Observando pelo aspecto externo do mercado e o poder de comparação frente a outras concorrentes, a principal é a IWG, dona do coworking Regus, cujo IPO foi realizado em 2000 e hoje a empresa é avaliada em £ 3.5 bilhões. Frente à WeWork, as vantagens são inúmeras observando os riscos financeiros e operacionais da companhia durante a época de seu IPO, em 2019. Geograficamente, a maior diversificação na localização de escritórios, presentes em mais de mil cidades ao redor do mundo, frente às 111 cidades com presença da WeWork, previnem a Regus de alta exposição à volatilidade econômica dos lugares. Além disso, as obrigações com aluguéis em 2018 eram de apenas £ 6,6 bilhões, seguidas por 62% de seus contratos com prazos com duração de até cinco anos. Portanto, ao observar um concorrente direto cuja operação é mais consistente e com claras vantagens operacionais e financeiras frente à WeWork, o mercado também observou uma certa deposição exagerada de expectativas, e que pode-se concluir como fatores também agravantes à possibilidade de um IPO por parte da companhia.

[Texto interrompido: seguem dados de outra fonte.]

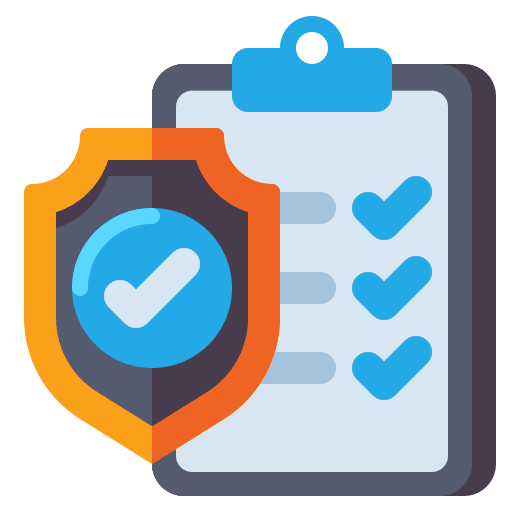 Checklist illustration of common storefront system issues like leaks and misaligned doors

Paralelamente ao panorama financeiro da companhia, o mercado também passou a depositar sua atenção no então CEO e fundador da WeWork, Adam Neumann, e seus constantes escândalos éticos e financeiros diretamente relacionados à operação da empresa, os quais culminaram em sua saída forçada do cargo, em setembro de 2019. No início do mesmo ano, um dos estopins para tal ocorrência foi referente à nomeação da companhia - The We Company - cujo processo levou a mesma a pagar cerca de US$ 6 milhões pelo uso da marca We a seu fundador, devido a burocracias de registro de tal trademark⁴.


Nesse mesmo contexto de utilização do dinheiro da empresa para benefício próprio, Neumann também era proprietário de alguns dos prédios que a WeWork alugava, demonstrando um conflito de interesses, além de levar a companhia a fazer empréstimos pessoais a ele, com juros abaixo de 1%, para a compra de novos imóveis que seriam alugados para a WeWork. Por fim, Neumann também era acusado de promover festas com álcool e drogas por dias no escritório, além de demitir funcionários sem razão prévia.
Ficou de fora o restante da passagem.